'''

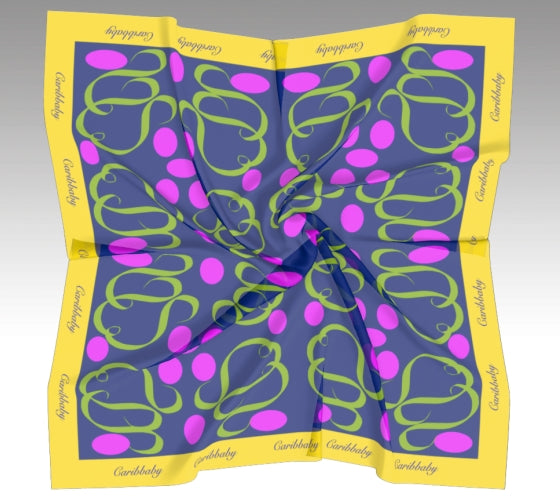 Pinkgreen Print Silk Scarf Women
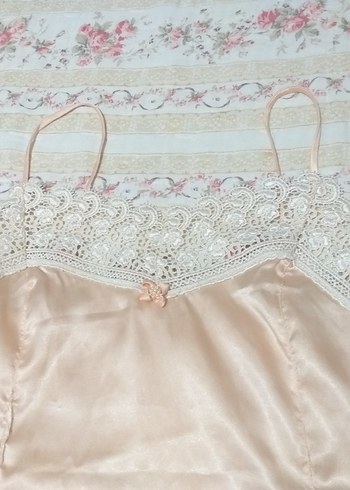 xs Beden pembe Renk Pembe Mini Vintage Kadın Saten Pijama takımı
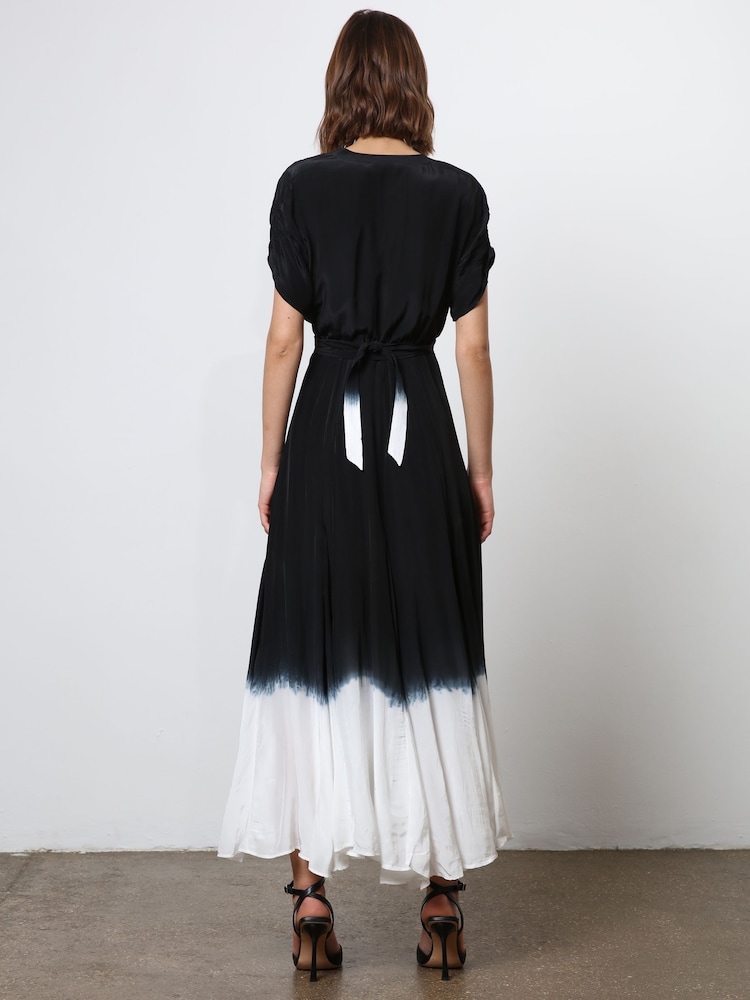 Religion Black Tie Dye Delight Wrap Dress With Full Skirt - Image 6 of 8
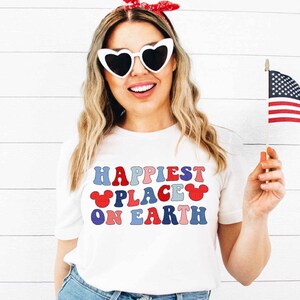 Happiest Place On Earth Shirt, 4th Of July Vacation Shirts, Matching Shirt For Family, Disney World Shirt,Colorful Summer Kids Toddler Baby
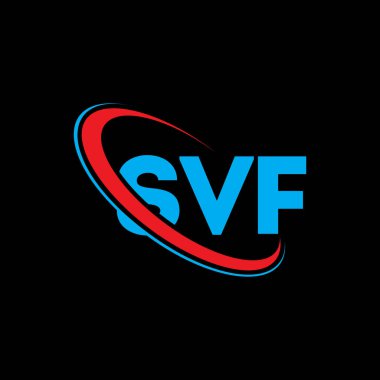 SVF logosu. SVF mektubu. SVF harf logosu tasarımı. Çember ve büyük harfli monogram logosuna bağlı ilk SVF logosu. Teknoloji, iş ve emlak markası için SVF tipografisi.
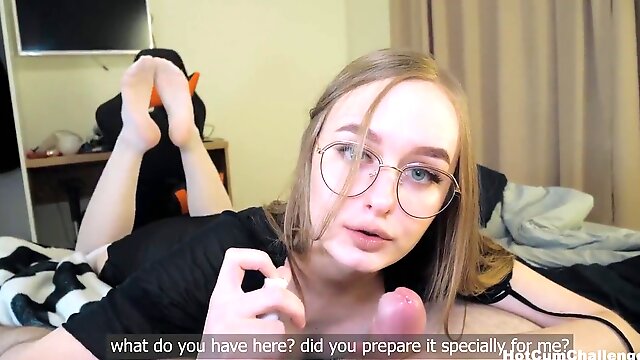 Sensual blowjob, big cumshot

'''

PROBLEM TO WORK ON:
Where the line containing "SVF logosu. SVF" appears in the entries above, start there and set down every line exactly through the last one, inclusive; omit pictures.

COMPLETED EXERCISE:
 SVF logosu. SVF mektubu. SVF harf logosu tasarımı. Çember ve büyük harfli monogram logosuna bağlı ilk SVF logosu. Teknoloji, iş ve emlak markası için SVF tipografisi.
 Sensual blowjob, big cumshot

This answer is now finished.